Recorded data
═══
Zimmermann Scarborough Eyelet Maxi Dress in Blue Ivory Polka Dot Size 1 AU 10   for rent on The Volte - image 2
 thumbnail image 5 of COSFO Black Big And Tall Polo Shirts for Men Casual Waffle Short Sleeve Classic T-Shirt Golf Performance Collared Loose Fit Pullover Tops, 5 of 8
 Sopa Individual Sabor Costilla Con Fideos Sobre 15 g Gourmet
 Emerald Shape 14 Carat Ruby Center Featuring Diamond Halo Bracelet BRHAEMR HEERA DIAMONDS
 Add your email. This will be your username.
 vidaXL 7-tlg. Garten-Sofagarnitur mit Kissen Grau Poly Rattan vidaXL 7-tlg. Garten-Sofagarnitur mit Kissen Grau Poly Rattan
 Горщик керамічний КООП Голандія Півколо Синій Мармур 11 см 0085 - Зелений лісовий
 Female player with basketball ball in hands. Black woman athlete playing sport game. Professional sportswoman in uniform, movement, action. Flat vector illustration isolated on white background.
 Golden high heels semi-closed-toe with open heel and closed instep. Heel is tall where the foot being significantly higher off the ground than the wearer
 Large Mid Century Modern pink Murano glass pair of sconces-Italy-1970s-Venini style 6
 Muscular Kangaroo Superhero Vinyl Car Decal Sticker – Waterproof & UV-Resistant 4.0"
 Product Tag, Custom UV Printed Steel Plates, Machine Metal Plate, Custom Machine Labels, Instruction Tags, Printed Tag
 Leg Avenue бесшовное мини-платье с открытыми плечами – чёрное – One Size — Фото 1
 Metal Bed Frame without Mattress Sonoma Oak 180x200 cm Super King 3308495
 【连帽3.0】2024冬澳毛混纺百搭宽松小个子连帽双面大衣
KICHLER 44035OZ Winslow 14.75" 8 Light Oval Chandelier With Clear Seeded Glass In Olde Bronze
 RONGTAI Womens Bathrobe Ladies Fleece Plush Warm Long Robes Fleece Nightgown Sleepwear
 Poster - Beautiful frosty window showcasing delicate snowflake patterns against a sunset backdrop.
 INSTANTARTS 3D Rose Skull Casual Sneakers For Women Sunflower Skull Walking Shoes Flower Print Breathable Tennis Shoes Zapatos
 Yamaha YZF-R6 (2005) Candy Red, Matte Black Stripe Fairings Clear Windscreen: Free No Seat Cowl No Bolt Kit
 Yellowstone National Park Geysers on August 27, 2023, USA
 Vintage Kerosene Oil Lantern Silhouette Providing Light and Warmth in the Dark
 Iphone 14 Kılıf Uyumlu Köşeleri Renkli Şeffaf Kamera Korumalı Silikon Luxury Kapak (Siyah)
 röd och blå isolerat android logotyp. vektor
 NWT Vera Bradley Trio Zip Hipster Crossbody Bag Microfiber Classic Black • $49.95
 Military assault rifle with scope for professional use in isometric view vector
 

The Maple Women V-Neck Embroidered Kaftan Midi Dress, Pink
═══
▸ **Your instructions**
Make a word-for-word copy of the records.

▸ **Completed exercise**
Zimmermann Scarborough Eyelet Maxi Dress in Blue Ivory Polka Dot Size 1 AU 10   for rent on The Volte - image 2
 thumbnail image 5 of COSFO Black Big And Tall Polo Shirts for Men Casual Waffle Short Sleeve Classic T-Shirt Golf Performance Collared Loose Fit Pullover Tops, 5 of 8
 Sopa Individual Sabor Costilla Con Fideos Sobre 15 g Gourmet
 Emerald Shape 14 Carat Ruby Center Featuring Diamond Halo Bracelet BRHAEMR HEERA DIAMONDS
 Add your email. This will be your username.
 vidaXL 7-tlg. Garten-Sofagarnitur mit Kissen Grau Poly Rattan vidaXL 7-tlg. Garten-Sofagarnitur mit Kissen Grau Poly Rattan
 Горщик керамічний КООП Голандія Півколо Синій Мармур 11 см 0085 - Зелений лісовий
 Female player with basketball ball in hands. Black woman athlete playing sport game. Professional sportswoman in uniform, movement, action. Flat vector illustration isolated on white background.
 Golden high heels semi-closed-toe with open heel and closed instep. Heel is tall where the foot being significantly higher off the ground than the wearer
 Large Mid Century Modern pink Murano glass pair of sconces-Italy-1970s-Venini style 6
 Muscular Kangaroo Superhero Vinyl Car Decal Sticker – Waterproof & UV-Resistant 4.0"
 Product Tag, Custom UV Printed Steel Plates, Machine Metal Plate, Custom Machine Labels, Instruction Tags, Printed Tag
 Leg Avenue бесшовное мини-платье с открытыми плечами – чёрное – One Size — Фото 1
 Metal Bed Frame without Mattress Sonoma Oak 180x200 cm Super King 3308495
 【连帽3.0】2024冬澳毛混纺百搭宽松小个子连帽双面大衣
KICHLER 44035OZ Winslow 14.75" 8 Light Oval Chandelier With Clear Seeded Glass In Olde Bronze
 RONGTAI Womens Bathrobe Ladies Fleece Plush Warm Long Robes Fleece Nightgown Sleepwear
 Poster - Beautiful frosty window showcasing delicate snowflake patterns against a sunset backdrop.
 INSTANTARTS 3D Rose Skull Casual Sneakers For Women Sunflower Skull Walking Shoes Flower Print Breathable Tennis Shoes Zapatos
 Yamaha YZF-R6 (2005) Candy Red, Matte Black Stripe Fairings Clear Windscreen: Free No Seat Cowl No Bolt Kit
 Yellowstone National Park Geysers on August 27, 2023, USA
 Vintage Kerosene Oil Lantern Silhouette Providing Light and Warmth in the Dark
 Iphone 14 Kılıf Uyumlu Köşeleri Renkli Şeffaf Kamera Korumalı Silikon Luxury Kapak (Siyah)
 röd och blå isolerat android logotyp. vektor
 NWT Vera Bradley Trio Zip Hipster Crossbody Bag Microfiber Classic Black • $49.95
 Military assault rifle with scope for professional use in isometric view vector
 

The Maple Women V-Neck Embroidered Kaftan Midi Dress, Pink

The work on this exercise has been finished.